▸ **Data shown**

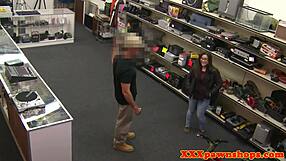 amateur gets doggystyled in hidden pawnshop back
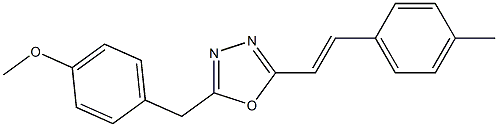 2-(4-methoxybenzyl)-5-[(E)-2-(4-methylphenyl)ethenyl]-1,3,4-oxadiazole 结构式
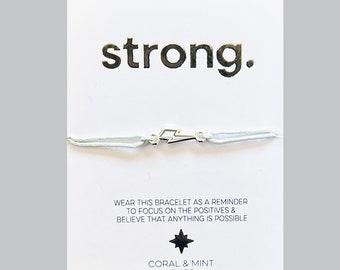 Strong - Silver Lightning Bolt Charm String Bracelet
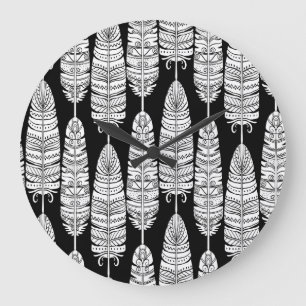 Reloj Redondo Grande Feathers boho: patrón blanco y negro
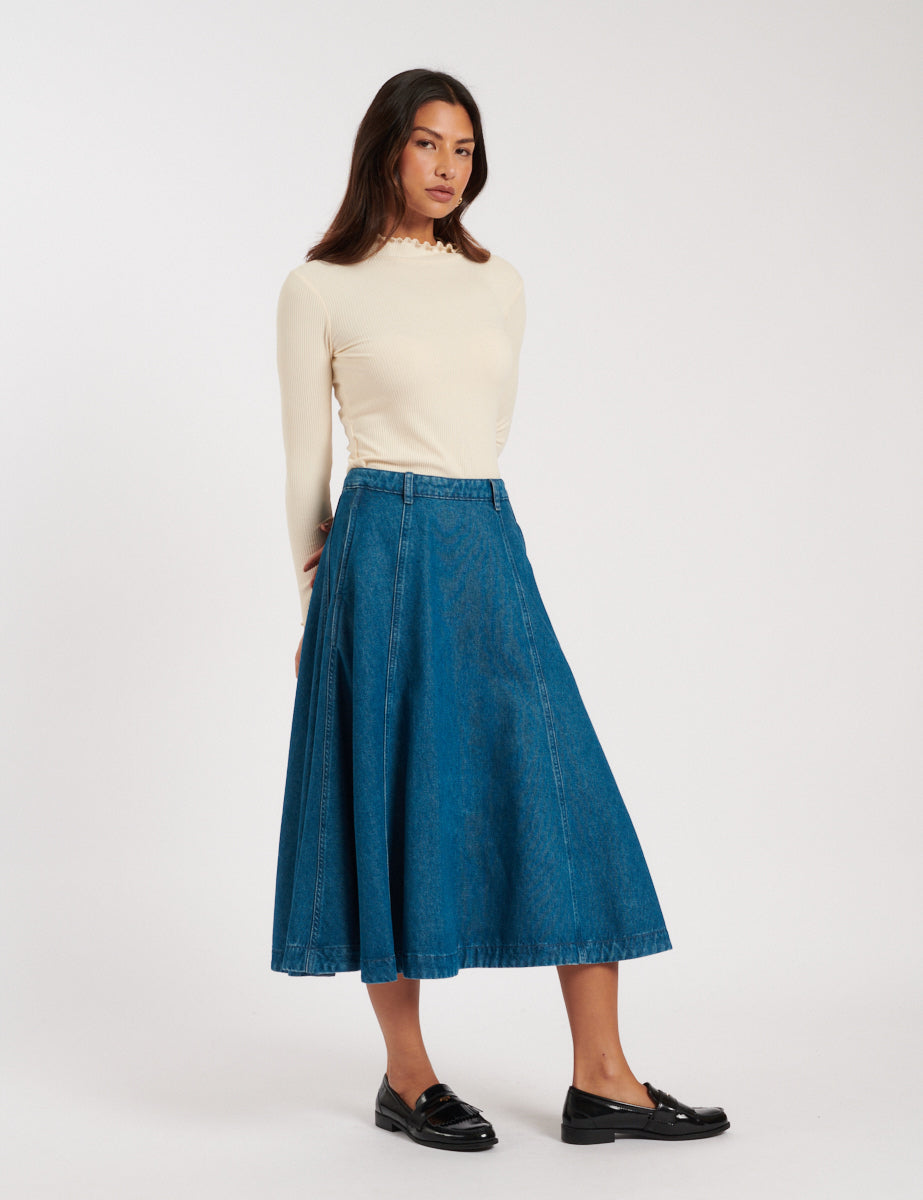 Mid Wash Denim A-line Midi Skirt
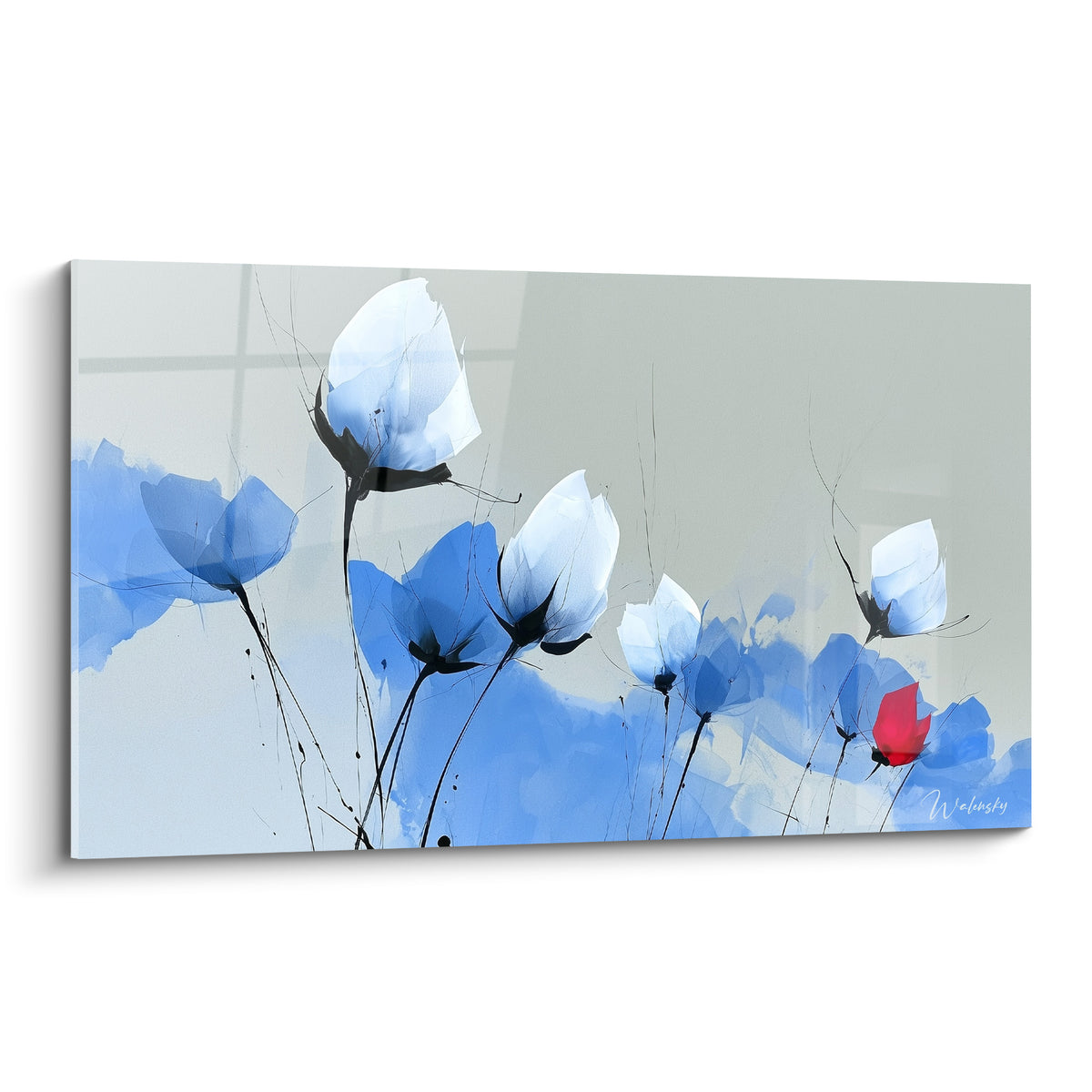 Tulipes bleu marine et blanches se penchent sur fond gris clair, tracées à l'encre noire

▸ **What to do**
If a line holds an image, leave the image out; retype everything else in the entries exactly.

▸ **Completed exercise**
 amateur gets doggystyled in hidden pawnshop back
 2-(4-methoxybenzyl)-5-[(E)-2-(4-methylphenyl)ethenyl]-1,3,4-oxadiazole 结构式
 Strong - Silver Lightning Bolt Charm String Bracelet
 Reloj Redondo Grande Feathers boho: patrón blanco y negro
 Mid Wash Denim A-line Midi Skirt
 Tulipes bleu marine et blanches se penchent sur fond gris clair, tracées à l'encre noire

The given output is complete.